With this information we can set sensible alerts
Being unable to connect to things occasionally is not an error, it's things working as expected.
GIGO makes this a bit complicated. If your software runs more or less continuously, takes data from users and/or other software, and gracefully handles bad data, it’s not obvious whether warning or error is a more appropriate log level when some feature failed to complete its task. The program’s still running fine, but something failed for someone at some point through no fault of your own and it will again because it’s an imperfect world. Where would you want to find a record of that event? Mixed in with random driver noise and deprecation notices? Or with more serious failures?
Throwing out garbage data that comes in is a normal operation. If the garbage data crashes your service, then it's error because you shouldn't crash. If the garbage data is detected and thrown out, then it's a warning or info level, or not even logged.
I agree with the words of the title and much of the article, but not this example:
If a SMTP mailer trying to send email to somewhere logs 'cannot contact port 25 on <remote host>', that is not an error in the local system and should not be logged at level 'error'.
It could be an error in the local system’s configuration (e.g., which host to send email to). It could be an error in the local system’s hardware (e.g. the NIC).
And why assume that only local errors matter? If I am running a program which tries to send mail, I very likely control its network connexion to the rest of the world.

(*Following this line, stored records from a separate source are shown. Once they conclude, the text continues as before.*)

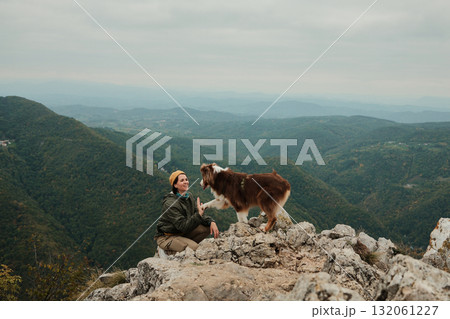 A smiling woman kneels on rocky cliffs as her dog Australian Shepherd gives her a paw with mountain landscapes in the background. Hiking with pets concept A smiling woman kneels on rocky cliffs as her dog Australian Shepherd gives her a paw with mountain landscapes in the background. Hiking with pets concept 132061227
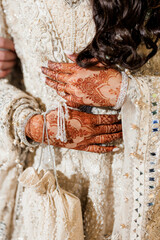 Exquisite Indian bride on her wedding day close-up. Bride's hands in a luxurious beaded wedding...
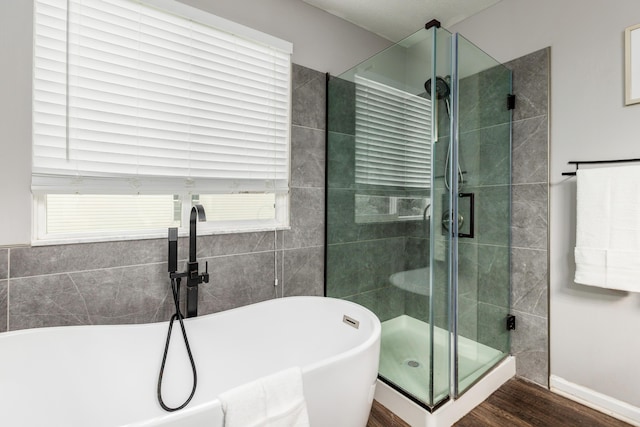 7774 Kingman Pl, Lewis Center, OH 43035 - full bathroom featuring a soaking tub, wood finished floors, and a shower stall
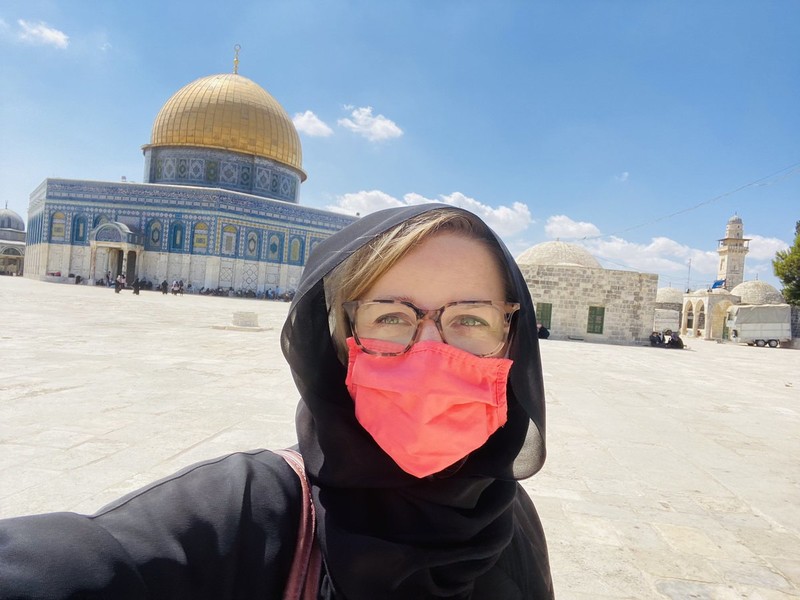 Woman in face mask stands in front of Jerusalem's Dome of the Rock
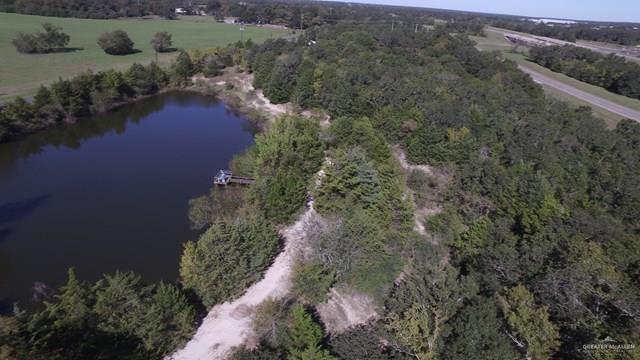 7075 Jones Road Bryan, TX 77807 - Photo 19 of 36 an aerial view of a houses with outdoor space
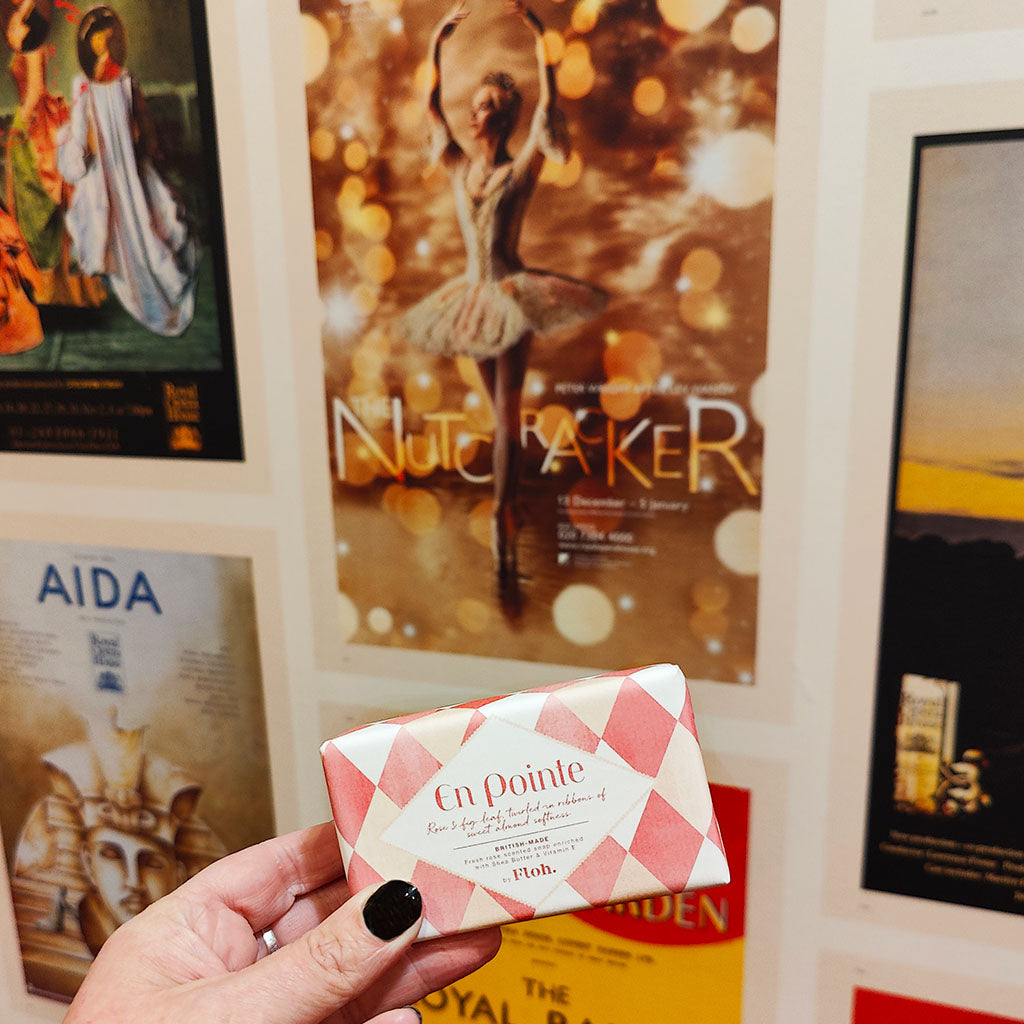 A hand with black nail polish holds a pink and white checkered bar of En Pointe soap in front of a wall of framed posters, including a Nutcracker poster with Darcey Bussell en pointe.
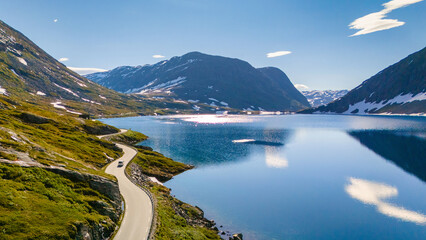 A single car winds its way through the majestic Norwegian landscape, a stunning lake reflecting the sky and snow-capped peaks. Langvatnet, Geiranger, Norway © Fokke Baarssen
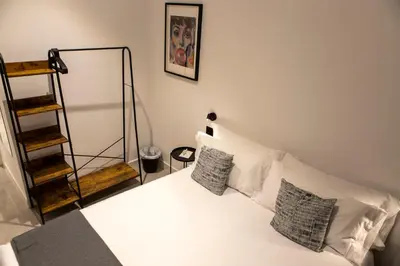Cama o camas de una habitación en Alojamientos Carola Baños, 6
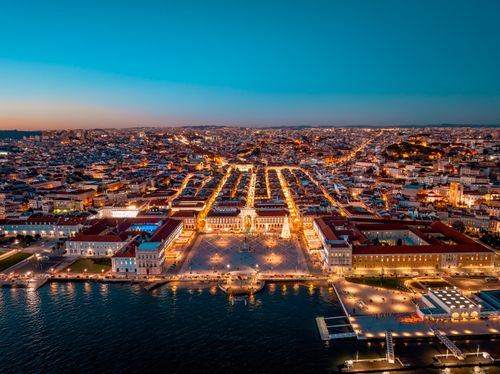 Free A stunning aerial view of Lisbon's illuminated cityscape and waterfront, captured at dusk. Stock Photo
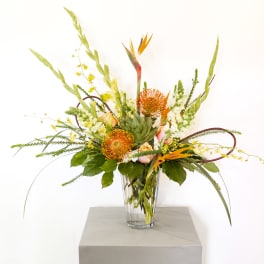 Tropical floral arrangement in a clear glass vase with orange blooms
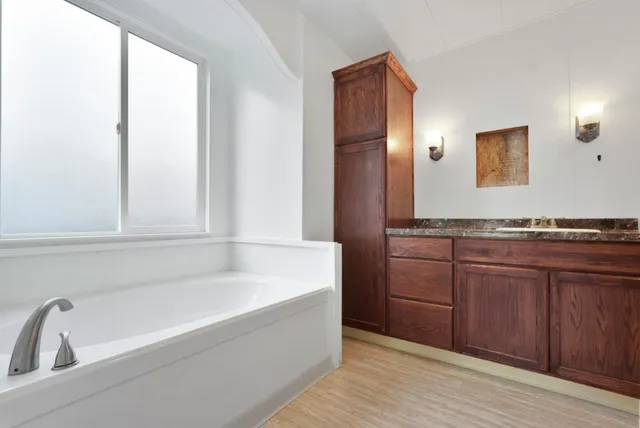 a bathroom with a bathtub and a sink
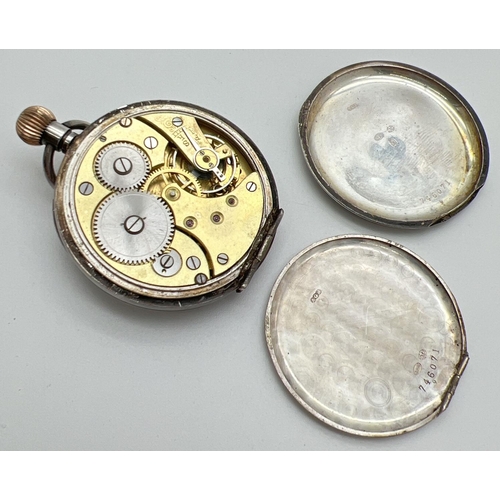 1168 - A vintage silver pocket watch with secondary dial. White enamel face with black steel hands Back nee... 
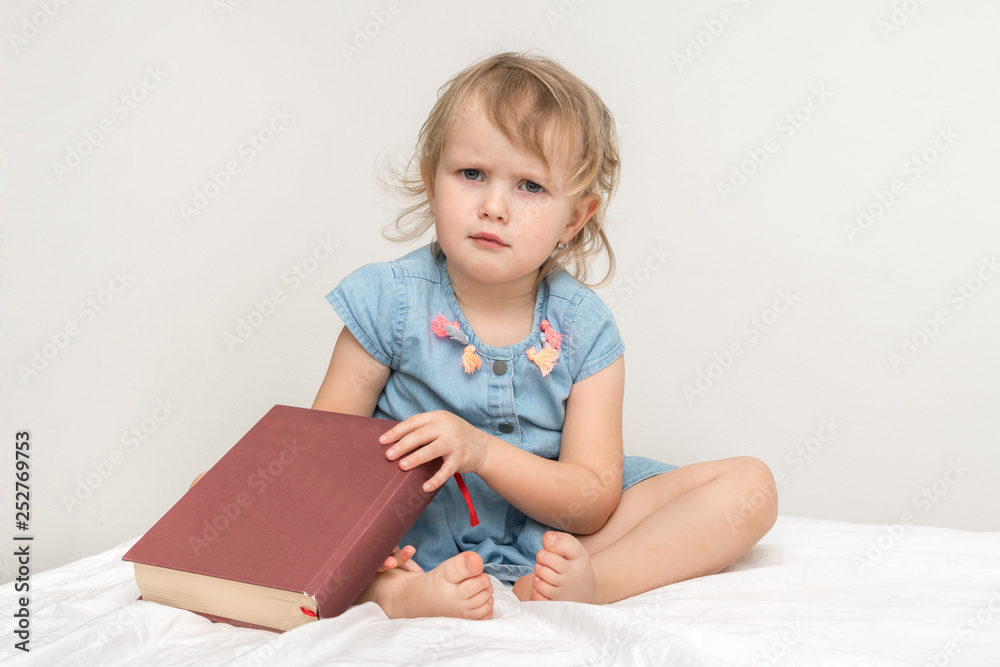 Cute little child in blue dress reading a book Cute little child in blue dress reading a book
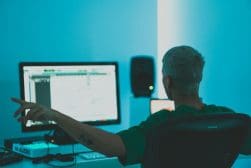 Person with short hair sits in front of a computer with a large screen, surrounded by audio equipment, pointing towards the screen. The room is bathed in blue light.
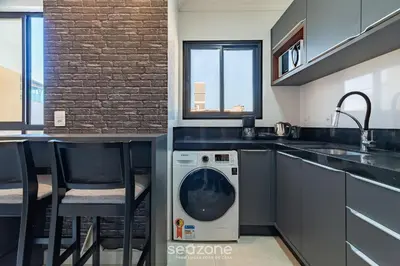 A cozinha ou kitchenette de UML - Apartamentos quadra mar em Bombinhas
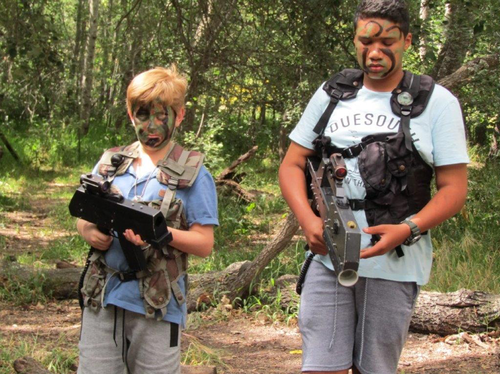Boys in a forest holding laser guns and ready for a fight.  They have the trees and bushes surrounding them.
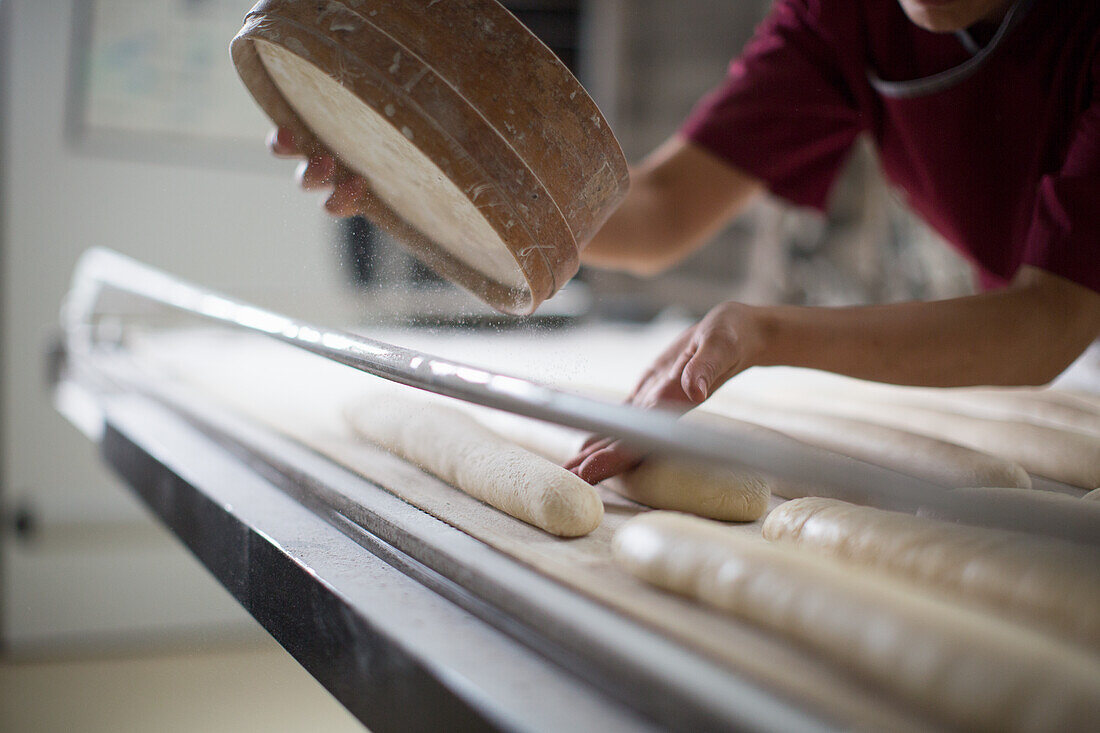 Baguettes wird in Bäckerei mit Mehl bestäubt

That’s something I can debug and fix.
The 'error' log level is for 'I'm not working right, help', things such as 'configuration file error', 'my memory allocation failed', 'unexpected failure to read a data file', and so on.
Or ‘unexpected failure to connect to configured SMTP host.’
Log level ‘error’ should mean errors: programmer errors, deployment errors, operational errors, network errors, peer errors. Errors.
Regarding the subject: Isn't that obvious? The word error means something is incorrect, so obviously it needs fixing.
Regarding the reported issue: Checking for an error I guess is a slightly more philosophical question and not at all what the title of the article indicates. It feels more like a missing feature. The fact that a probe fails is an error case that usually indicates "something needs to be fixed". This seems more like using a feature that doesn't exist.
As for whether it should be logged at all when a probe fails. I think people will disagree on that. However I can understand the take that you want this to be an error because then during a disaster something becomes evident from the logs. But then I can also see the probe status being more an INFO level.
But you can also see this in a completely different way and see blackbox_exporter as the "drop in" for self-reporting of some system, in which case it might make sense.
So in short I do not think that the title does the content justice. If a probe fails something does need to be fixed. The fact that the author wants to check for the error case - unless I am missing something - is a feature request for blackbox_exporter.
An example of this is how various programming language's stdlibs consider things like 404 or no file found an error/an exception, which I always found really weird, because checking for the absence of something doesn't ring like something being incorrect or exceptional at all.
But think about a port scanner which is way more closely. Nobody would be surprised about establishing a TCP connection being an error/an exception, even though it's very expected if your use case is a port scanner or something similar.
Warnings should also be fixed. User input should usually not trigger warnings (when it's a server and you have no control over it).
We use warnings for "this input is nonsensical, but external constraints require us to proceed anyway", so that someone looking through logs will have the warning jump out at them.